The death of Nobel Peace Prize laureate and former Israeli president and prime minister Shimon Peres has led to renewed calls for peace in the Israeli-Palestinian conflict.

Pointing to the Israeli founding father’s legacy in the unprecedented drive for normal relations with Palestine in the 1993 Oslo Accords, the onus is on Israel’s current administration to build on Peres’ work in a region where his dream has often proved elusive, campaigners say.

“Shimon Peres's role in Israel-Palestine negotiations… should be the spur for a renewed drive for peace and justice,” Labour leader Jeremy Corbyn said in a statement on Twitter.

Over a 66-year-long career in politics, Peres helped establish the state of Israel under his mentor David Ben-Gurion, building up the country’s military strength and supporting the establishment of settlements in the West Bank. By the 1980s his politics had moved to the centre, and he became a tireless advocate for a two state solution in the Israeli-Palestinian conflict.

In the 1993 peace talks with Palestinian Liberation Organisation leader Yasser Arafat Mr Peres worked to get Palestine recognised by Israel as a negotiating partner and agreed to further consideration of issues such as Israeli settlements, the status of Jerusalem, and the Palestinian right to return.

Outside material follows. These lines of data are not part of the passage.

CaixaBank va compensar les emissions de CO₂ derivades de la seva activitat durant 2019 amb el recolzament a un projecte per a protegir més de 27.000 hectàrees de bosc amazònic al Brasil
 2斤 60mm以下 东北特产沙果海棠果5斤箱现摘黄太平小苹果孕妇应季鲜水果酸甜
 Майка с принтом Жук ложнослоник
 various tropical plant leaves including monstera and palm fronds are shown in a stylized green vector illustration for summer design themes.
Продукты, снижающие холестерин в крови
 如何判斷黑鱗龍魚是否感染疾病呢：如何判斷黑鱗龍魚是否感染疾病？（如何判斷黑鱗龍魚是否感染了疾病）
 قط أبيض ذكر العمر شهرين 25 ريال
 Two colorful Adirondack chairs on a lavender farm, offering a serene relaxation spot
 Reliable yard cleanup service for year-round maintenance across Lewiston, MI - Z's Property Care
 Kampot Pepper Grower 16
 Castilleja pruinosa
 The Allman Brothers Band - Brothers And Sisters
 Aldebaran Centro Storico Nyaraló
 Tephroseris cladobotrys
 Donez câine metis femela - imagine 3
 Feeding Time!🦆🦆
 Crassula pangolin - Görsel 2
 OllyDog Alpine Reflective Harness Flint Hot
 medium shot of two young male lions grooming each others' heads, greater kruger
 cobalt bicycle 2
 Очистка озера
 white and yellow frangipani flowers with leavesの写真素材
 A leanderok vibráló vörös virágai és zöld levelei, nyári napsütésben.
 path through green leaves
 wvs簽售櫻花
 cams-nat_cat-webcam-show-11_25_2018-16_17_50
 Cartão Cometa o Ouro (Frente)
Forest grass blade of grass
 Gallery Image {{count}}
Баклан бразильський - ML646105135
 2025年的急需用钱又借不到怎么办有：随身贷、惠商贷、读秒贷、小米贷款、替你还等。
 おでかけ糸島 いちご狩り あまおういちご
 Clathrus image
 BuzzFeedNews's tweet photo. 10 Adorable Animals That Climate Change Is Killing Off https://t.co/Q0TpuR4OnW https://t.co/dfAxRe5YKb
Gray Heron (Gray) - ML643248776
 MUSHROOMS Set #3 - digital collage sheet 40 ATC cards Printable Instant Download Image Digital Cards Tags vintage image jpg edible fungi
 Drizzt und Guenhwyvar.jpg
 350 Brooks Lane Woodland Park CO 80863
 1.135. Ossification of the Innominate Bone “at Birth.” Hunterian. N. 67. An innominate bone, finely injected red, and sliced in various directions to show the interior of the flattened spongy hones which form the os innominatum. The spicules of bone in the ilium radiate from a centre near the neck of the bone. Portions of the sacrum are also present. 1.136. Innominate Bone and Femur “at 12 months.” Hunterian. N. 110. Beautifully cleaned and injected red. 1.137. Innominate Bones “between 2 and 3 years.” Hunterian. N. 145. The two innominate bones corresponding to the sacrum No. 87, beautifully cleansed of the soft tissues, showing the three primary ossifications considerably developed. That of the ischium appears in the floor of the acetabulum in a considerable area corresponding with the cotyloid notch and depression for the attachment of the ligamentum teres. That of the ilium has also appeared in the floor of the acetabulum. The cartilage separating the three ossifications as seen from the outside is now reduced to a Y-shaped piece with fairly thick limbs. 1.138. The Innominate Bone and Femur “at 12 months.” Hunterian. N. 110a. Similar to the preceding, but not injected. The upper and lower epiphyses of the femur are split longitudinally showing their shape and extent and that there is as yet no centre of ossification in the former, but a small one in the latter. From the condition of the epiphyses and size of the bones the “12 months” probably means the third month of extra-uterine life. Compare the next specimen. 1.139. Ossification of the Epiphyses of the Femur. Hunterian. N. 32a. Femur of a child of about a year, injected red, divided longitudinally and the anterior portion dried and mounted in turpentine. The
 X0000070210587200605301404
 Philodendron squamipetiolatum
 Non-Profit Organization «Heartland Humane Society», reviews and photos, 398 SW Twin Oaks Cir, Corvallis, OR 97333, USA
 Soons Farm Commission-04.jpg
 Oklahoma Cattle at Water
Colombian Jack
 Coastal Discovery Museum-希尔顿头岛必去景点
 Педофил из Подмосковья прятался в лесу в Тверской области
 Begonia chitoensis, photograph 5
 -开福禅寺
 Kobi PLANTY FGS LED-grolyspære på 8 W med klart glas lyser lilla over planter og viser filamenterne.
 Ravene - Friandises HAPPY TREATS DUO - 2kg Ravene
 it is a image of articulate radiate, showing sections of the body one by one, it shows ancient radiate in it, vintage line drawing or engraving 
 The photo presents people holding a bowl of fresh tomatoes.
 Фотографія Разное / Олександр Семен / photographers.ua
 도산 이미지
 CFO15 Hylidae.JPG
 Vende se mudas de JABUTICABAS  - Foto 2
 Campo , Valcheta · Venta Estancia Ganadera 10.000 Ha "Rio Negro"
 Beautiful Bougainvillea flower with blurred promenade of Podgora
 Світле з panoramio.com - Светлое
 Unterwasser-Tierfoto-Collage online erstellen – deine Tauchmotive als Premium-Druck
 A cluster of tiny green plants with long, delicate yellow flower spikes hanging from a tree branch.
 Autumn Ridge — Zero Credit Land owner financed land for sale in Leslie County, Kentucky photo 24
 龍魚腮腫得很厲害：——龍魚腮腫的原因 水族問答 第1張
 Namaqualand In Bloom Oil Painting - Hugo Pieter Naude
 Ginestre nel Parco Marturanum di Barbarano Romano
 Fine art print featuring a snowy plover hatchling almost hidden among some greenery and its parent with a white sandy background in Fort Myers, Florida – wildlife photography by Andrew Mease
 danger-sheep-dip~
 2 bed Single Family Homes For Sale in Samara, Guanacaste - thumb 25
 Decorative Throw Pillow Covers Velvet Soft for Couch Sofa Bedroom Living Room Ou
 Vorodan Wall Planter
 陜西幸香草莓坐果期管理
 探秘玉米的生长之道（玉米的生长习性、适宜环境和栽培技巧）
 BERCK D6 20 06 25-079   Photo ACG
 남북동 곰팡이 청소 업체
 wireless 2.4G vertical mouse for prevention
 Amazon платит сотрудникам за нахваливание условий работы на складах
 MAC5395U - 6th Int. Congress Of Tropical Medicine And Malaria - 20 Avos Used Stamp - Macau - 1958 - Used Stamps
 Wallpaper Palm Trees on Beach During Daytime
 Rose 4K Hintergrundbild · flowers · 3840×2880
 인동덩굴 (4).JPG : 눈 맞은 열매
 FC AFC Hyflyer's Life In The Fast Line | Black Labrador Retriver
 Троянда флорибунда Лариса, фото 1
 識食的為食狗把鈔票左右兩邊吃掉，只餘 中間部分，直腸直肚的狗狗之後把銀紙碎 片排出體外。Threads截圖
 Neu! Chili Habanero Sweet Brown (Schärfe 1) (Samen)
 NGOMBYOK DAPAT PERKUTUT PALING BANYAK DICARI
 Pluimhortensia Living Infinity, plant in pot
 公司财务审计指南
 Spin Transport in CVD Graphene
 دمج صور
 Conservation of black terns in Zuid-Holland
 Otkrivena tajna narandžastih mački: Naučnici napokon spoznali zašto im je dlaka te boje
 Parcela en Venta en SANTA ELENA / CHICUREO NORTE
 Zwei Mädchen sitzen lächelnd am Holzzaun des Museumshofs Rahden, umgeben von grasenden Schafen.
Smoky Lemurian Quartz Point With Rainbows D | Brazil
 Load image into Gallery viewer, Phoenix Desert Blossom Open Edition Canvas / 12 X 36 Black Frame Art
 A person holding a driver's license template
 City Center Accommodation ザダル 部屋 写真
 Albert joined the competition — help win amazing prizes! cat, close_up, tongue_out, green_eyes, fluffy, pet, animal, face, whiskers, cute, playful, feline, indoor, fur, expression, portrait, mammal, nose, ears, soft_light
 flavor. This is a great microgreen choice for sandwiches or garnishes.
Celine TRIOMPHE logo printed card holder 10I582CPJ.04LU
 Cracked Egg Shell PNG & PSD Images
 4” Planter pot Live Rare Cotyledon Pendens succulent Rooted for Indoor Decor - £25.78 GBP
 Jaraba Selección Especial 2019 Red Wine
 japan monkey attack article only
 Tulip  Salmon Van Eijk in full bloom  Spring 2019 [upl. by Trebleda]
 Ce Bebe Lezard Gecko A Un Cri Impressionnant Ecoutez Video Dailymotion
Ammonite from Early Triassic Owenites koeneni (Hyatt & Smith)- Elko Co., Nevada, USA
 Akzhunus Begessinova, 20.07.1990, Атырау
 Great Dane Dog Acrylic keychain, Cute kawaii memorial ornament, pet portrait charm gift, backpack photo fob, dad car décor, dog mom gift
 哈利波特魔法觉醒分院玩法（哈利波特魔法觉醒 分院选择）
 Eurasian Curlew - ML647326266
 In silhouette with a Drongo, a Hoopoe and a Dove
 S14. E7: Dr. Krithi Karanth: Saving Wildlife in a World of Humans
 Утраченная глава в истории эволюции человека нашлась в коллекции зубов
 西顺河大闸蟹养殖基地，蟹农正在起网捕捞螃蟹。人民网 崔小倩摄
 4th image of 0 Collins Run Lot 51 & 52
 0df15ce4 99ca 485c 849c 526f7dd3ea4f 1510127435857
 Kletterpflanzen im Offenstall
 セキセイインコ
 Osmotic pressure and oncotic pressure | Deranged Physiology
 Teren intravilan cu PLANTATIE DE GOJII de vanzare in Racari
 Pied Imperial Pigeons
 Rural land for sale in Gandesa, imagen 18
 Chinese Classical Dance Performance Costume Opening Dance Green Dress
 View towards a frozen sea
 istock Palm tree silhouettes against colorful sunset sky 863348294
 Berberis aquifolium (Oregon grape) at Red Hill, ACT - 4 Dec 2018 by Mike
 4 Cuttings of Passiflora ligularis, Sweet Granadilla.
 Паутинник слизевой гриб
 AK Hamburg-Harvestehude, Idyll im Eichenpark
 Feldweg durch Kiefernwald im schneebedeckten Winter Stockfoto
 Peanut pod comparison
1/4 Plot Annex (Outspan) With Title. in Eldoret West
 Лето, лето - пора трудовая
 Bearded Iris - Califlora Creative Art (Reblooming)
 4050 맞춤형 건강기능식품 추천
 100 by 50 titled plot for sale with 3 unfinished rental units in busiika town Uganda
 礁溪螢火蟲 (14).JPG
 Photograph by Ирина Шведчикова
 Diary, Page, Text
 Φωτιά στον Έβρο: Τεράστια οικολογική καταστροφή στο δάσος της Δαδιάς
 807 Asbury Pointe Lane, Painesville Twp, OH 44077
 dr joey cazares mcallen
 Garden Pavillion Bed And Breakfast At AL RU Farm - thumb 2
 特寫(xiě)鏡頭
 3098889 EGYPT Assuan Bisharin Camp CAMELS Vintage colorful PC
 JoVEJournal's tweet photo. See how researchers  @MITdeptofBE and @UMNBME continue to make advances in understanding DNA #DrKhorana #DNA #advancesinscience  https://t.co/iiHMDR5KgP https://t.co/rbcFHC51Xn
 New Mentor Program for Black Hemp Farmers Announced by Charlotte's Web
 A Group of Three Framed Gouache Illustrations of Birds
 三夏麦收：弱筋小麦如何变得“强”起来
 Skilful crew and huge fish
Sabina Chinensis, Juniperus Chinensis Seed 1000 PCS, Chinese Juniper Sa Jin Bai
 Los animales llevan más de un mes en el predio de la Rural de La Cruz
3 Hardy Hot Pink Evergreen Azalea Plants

In later life he was beloved as a public figure by most of Israel in his largely ceremonial role as president between 2007-2014. He was viewed abroad as a reassuring counterbalance to some of the more hawkish policies adopted by Israel’s current right-wing prime minister Benjamin Netanyahu, including settlement expansion in the West Bank which extends over the Green Line agreed upon in 1967.

Peres himself was dismayed at some of the Netanyahu adminstration's actions, which he thought could endanger the possibility of a two-state solution.

“Israel should implement the two-state solution for her own sake, because if we should lose our [demographic] majority, and today we [and the Palestinian population] are almost equal, we cannot remain a Jewish state or a democratic state. That’s the main issue, and to my regret they [the government] do the opposite,” he said in 2015.

High Representative of the European Union Federica Mogherini said on Wednesday that the “only way to honour [Mr Peres'] memory is by heading towards a two state solution,” calling the statesman a “man of peace and immense source of inspiration.”

Her words were echoed in a statement from former US President Bill Clinton and Democratic presidential nominee Hillary Clinton.

His critics called him a dreamer. That he was - a lucid, eloquent dreamer until the very end. Thank goodness,” they said. “Let those of us who loved him and love his nation keep his dream alive."

An aide of the president of the Palestinian Authority, Mahmoud Abbas, mourned Mr Peres as a "man of peace" whose death is “a great loss to humanity and the region.”

Mr Peres established the Peres Peace Centre, where he worked on Arab-Israeli co-existence programmes right up until he died.